There are four primary conditions upon which bodhichitta can be based and generated.
Number one: bodhichitta — whether you call it good-heartedness, loving kindness, enlightened heart, or awakened heart — is able to arise from innate wakefulness. If you are someone with an innate power of reflection or thoughtfulness, gentleness, and quietness; if you are able, without depending on any external supports, to wake up to the feeling that bodhichitta resonates in your mind — this is one way that bodhichitta can be generated.
Second, bodhichitta is generated through the strength of a virtuous life, which means one’s virtuous attitude and conduct. Such virtue is nothing profound. It means being mindful and consciously aware of how your actions and speech affect others. When you go to a restaurant, for example, and some wonderful person holds the door open so you can pass through, that is a simple gesture of virtue.
Virtue is about decency; it’s about respect. Virtue is about using your senses in a way that is responsive to the needs of others. If that kind of virtue is naturally strong in you — even if you cannot say the Sanskrit word — you can be sure that bodhichitta resides in your heart.
Third, bodhichitta is said to arise from the strength of meditation and contemplation. Through the power of meditating and contemplating, you may meet with the inner wisdom awareness. That very simple “clicking-in” brings the awareness that the actions of your body, speech, and mind do impact the lives of others. You cannot be careless with your attitude or actions, because this is not — as many of us believe — just your life.
Our lives do depend on others; in the same way, many lives do depend on us. What I say and do, my personality, mannerisms and behavior, my likes and dislikes all have an immense impact on the lives of my family and friends, the people I work with, my community, society, and the world at large. When that awareness arises as the resultant state of contemplation, meditation, or reflection that is also a point where bodhichitta can arise.

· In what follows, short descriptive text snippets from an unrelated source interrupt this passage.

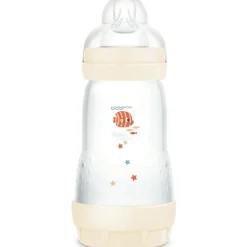 Sale MAM 2 biberons Easy Start anti-colique 260ml Menthe+Coton Tétine débit 2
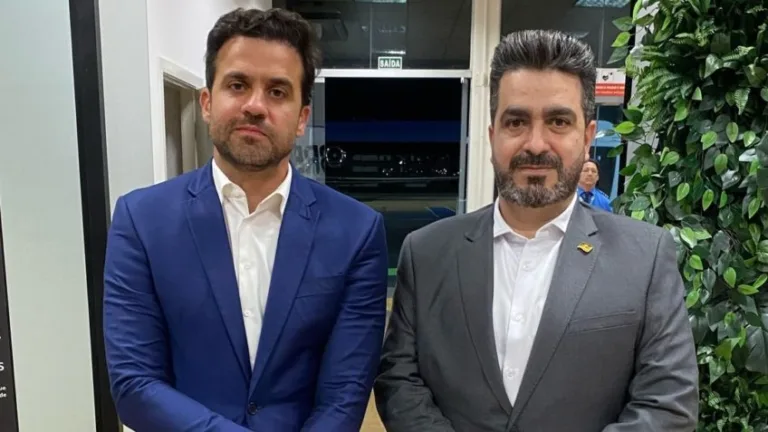 Pablo Marçal e Leonardo Avalanche, presidente do PRTB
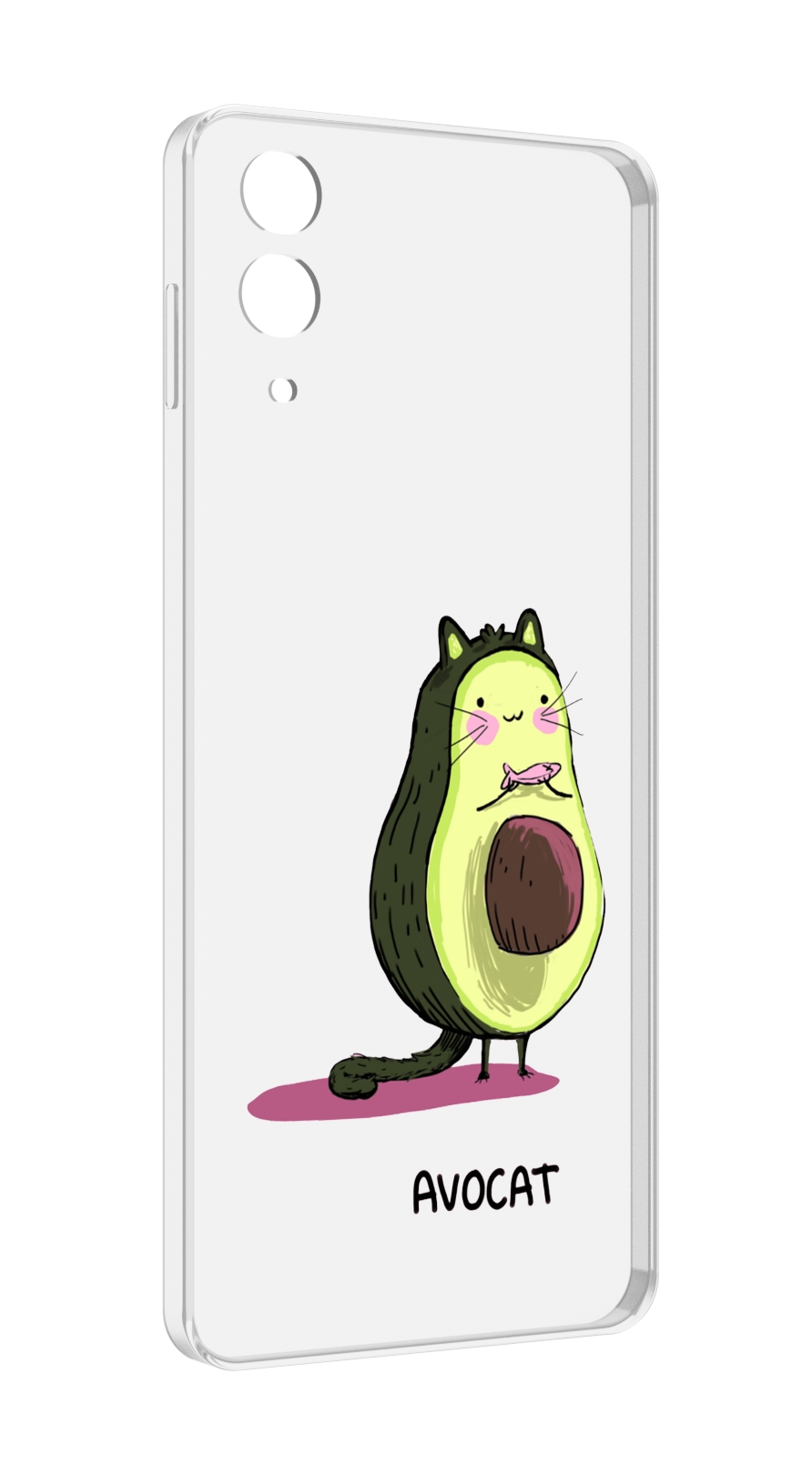 Чехол MyPads Avocat для Samsung Galaxy Z Flip 4 (SM-F721)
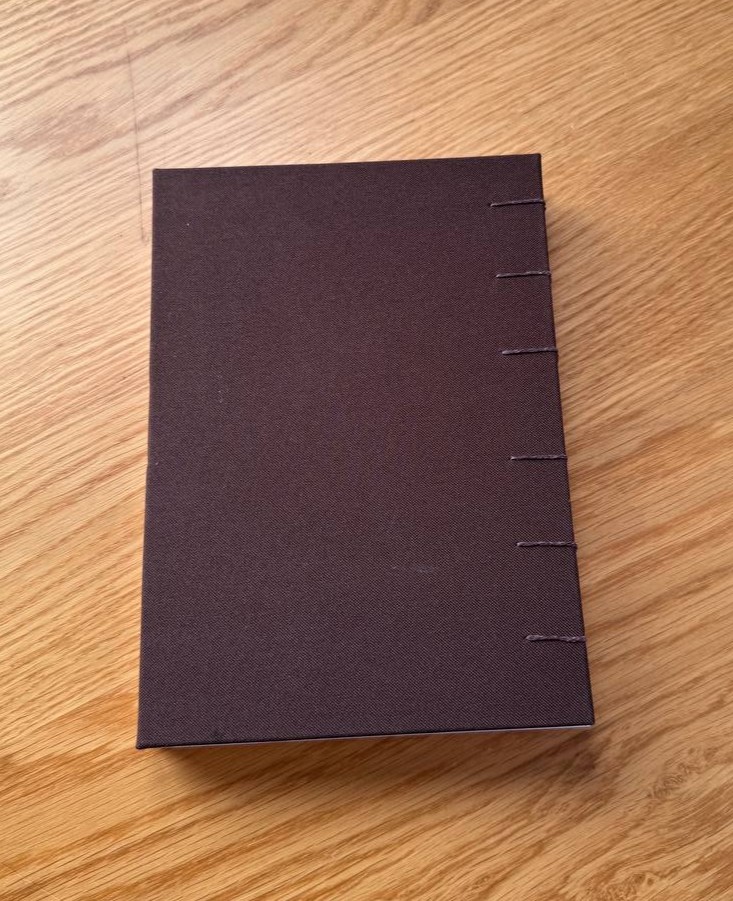 A5 Coptic - brown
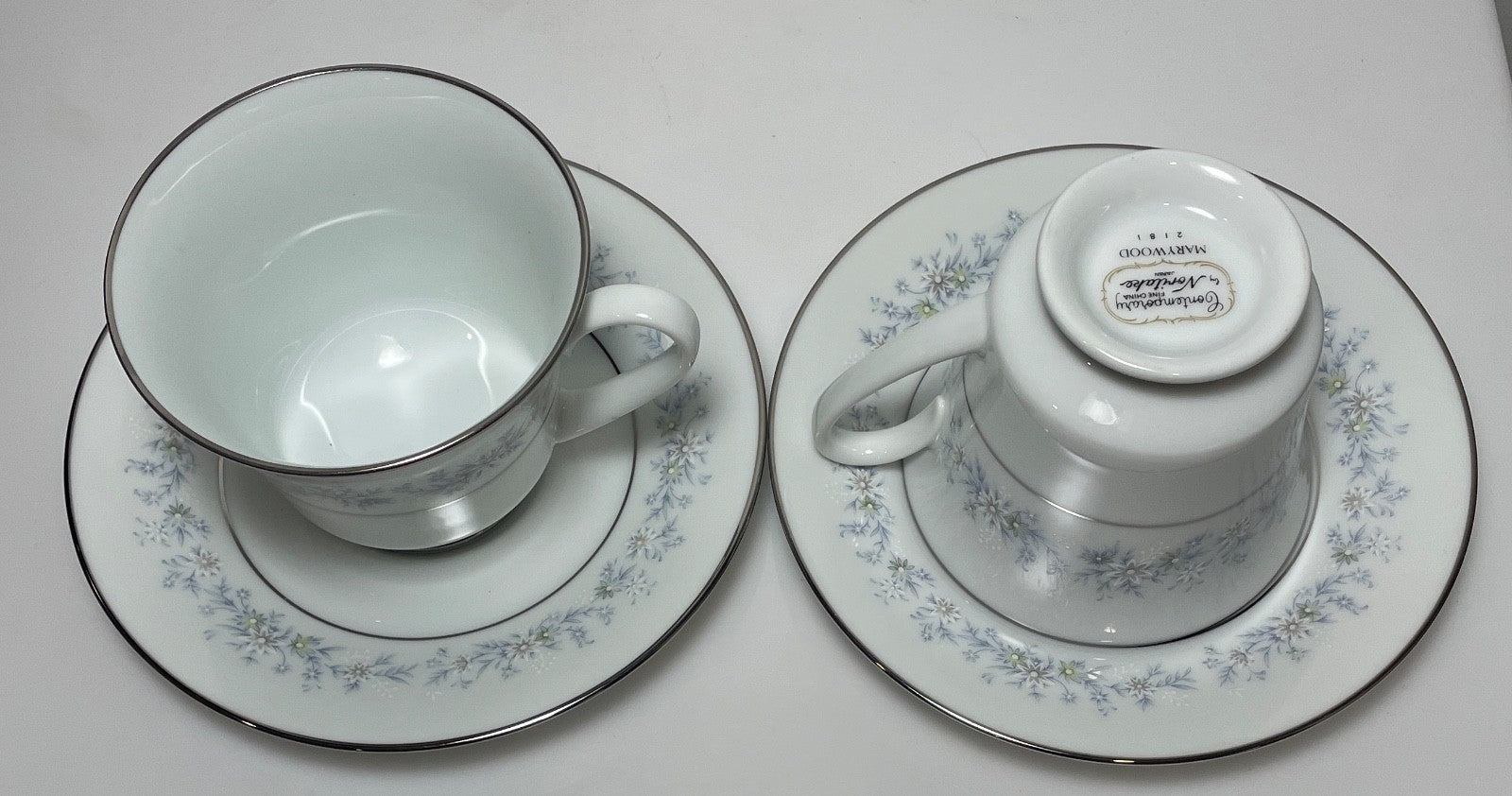 Noritake Marywood Cup and Saucer Set of 22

The fourth basis from which bodhichitta can arise is what you are experiencing [during the Kalachakra empowerment]: by being in the presence of an enlightened spiritual master, whose very life is an inspiration to cultivate bodhichitta. This is the fourth way one may be inspired to meet with bodhichitta. Then you don’t have to spend so much time philosophizing about one of the most simple, beautiful, and most cherished qualities of human nature: loving kindness, which is bodhichitta.
It is very helpful to explore these four: innate wakefulness, the strength of virtue, the strength of meditation, and being in the presence of great beings who exemplify great compassion and loving kindness. These are the bases from which bodhichitta can arise.
Mindrolling Jetsün Khandro Rinpoche, from her “Loving Kindness is Realistic: A Teaching on Bodhicitta”.